GRAPHISOFT North America partnered with the Washington Architectural Foundation, Catholic University of America’s Architecture School (CUA), and Common Good City Farm (CGCF) to support Design in Action: Build (DIA: Build). Janet Bloomberg, principal of DC-based ARCHICAD firm, KUBE Architecture is the founder of the program, along with Eric Jenkins of CUA.
The education initiative, in its pilot year, provides hands-on architecture experience to DC-area high school students by challenging them to work with CUA undergrads to design and construct a project that will benefit CGCF. CGCF, an urban agricultural and education center, provides more than 5 thousand pounds of fresh vegetables each year to low income families and needs additional dry and cold storage. The team is designing the structure during the spring semester, and will construct it in two weeks in June.

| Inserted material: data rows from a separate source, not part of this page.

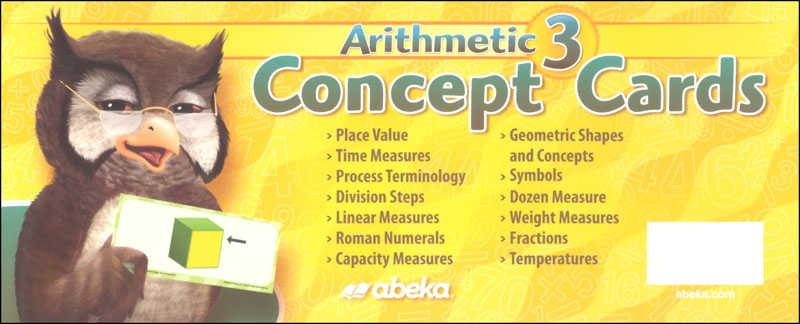 Arithmetic 3 Concept Cards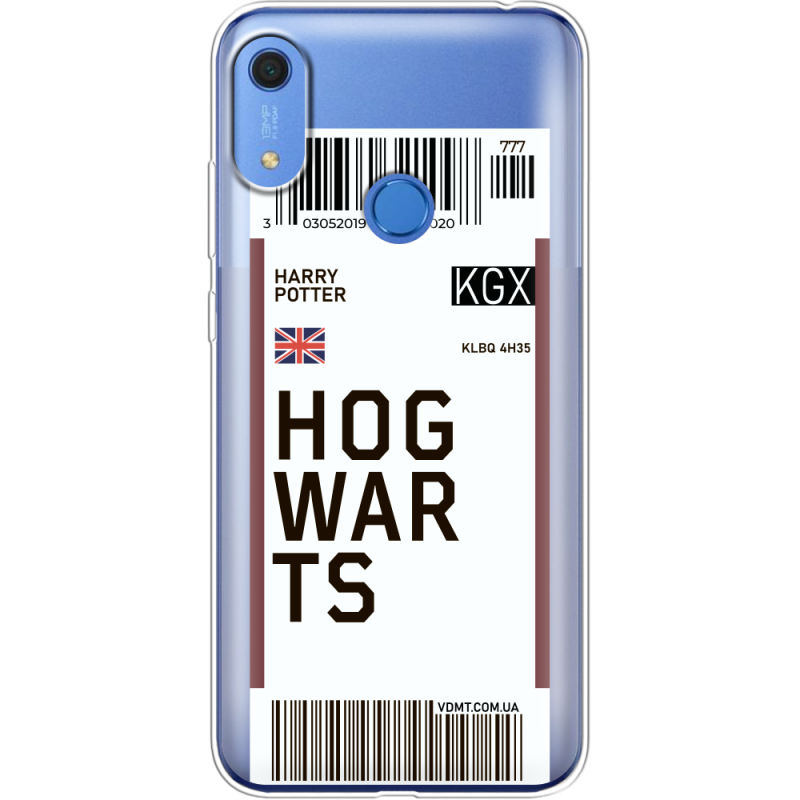 Прозрачный чехол BoxFace Huawei Y6s Ticket Hogwarts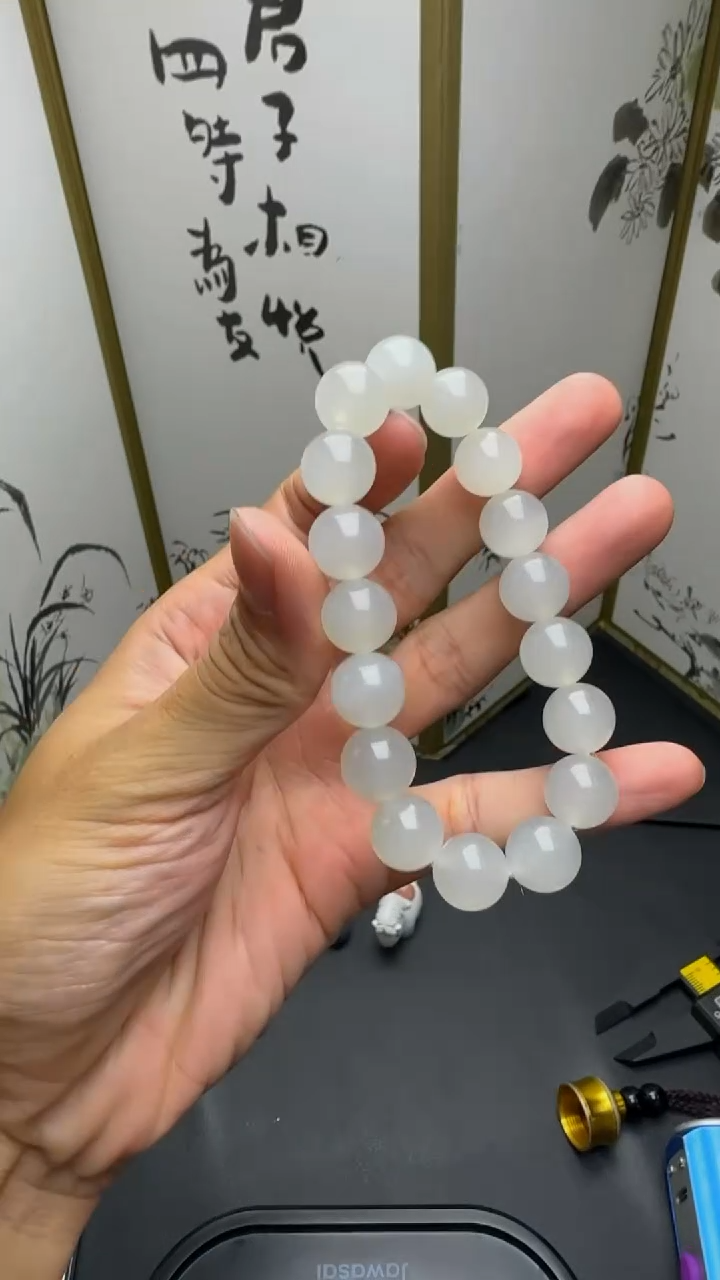 未镶嵌手串和田玉DSD0908075多样性发一
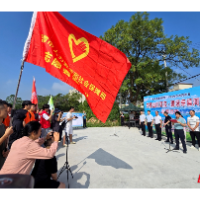 视频丨世界河流日 湘潭志愿者徒步湘江畔守护母亲河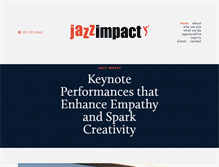 Tablet Screenshot of jazz-impact.com
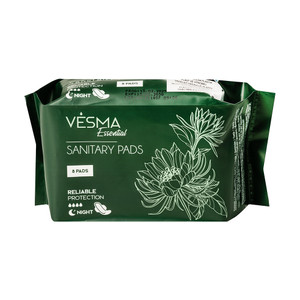 Higiēnas paketes  Vesma Essential nakts 8 gab.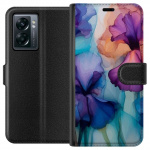 Wallet case for OnePlus Nord N300 with Magical flowers design Wallet case for OnePlus Nord N300 with Magical flowers design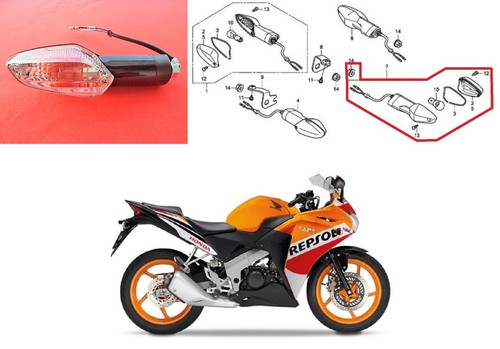 Honda cbr 125 indicator rear - cbr,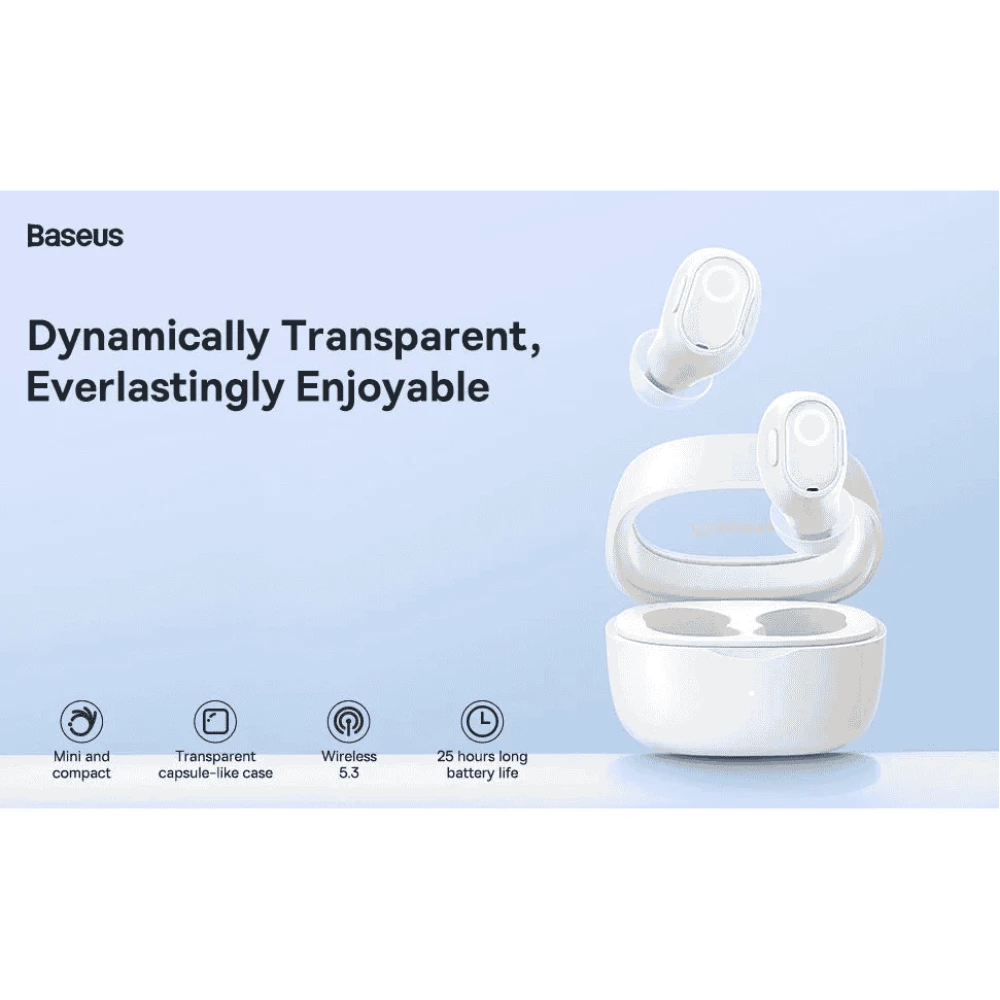 Слушалки BASEUS Bowie WM02 - (NGTW180302), TWS, с Bluetooth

CUA students mentor the high school students during the concept and design phase, teaching them about architecture firsthand. As they move toward construction, young architects have a mentoring role as well. The students are learning ARCHICAD, gaining valuable BIM experience in addition to all of the other skills they are developing. The program supports exposure to architecture and design through a real-world scenario. By giving them an actionable problem to solve, they receive practical experience working with BIM, leaving a lasting, positive mark on the community as a whole.
Under the guidance of DIA: BUILD guest lecturers Bill Jelen, Principal, William Jelen Architect Inc. and Taylor Scott, Project Designer/Project Manager Emcee Design, the students – affectionately known as “BUILDers” — will benefit from informative precedent studies to extensive site documentation from an on-site visit to CGCF and will formulate the initial schematic designs for the “Cool Bot” cold storage unit.
The students have honed their initial sketches, created physical models and, using ARCHICAD, developed site plans and performed circulation studies. They are getting a true Science, Technology, Engineering and Math (STEM) experience as it is based in an applied use of BIM combined with a cooperative, meaningful, real-world learning experience. Currently, three possible designs have emerged: Tree House, Shifted Orientation, and Teach/Grow/Preserve. These design concepts explore differing approaches to the storage needs of CGCF. After review by CGCF executives, the groups will merge these ideas and approach the project with a final design.
Construction on the CGCF Cool Bot storage unit is scheduled to begin in June.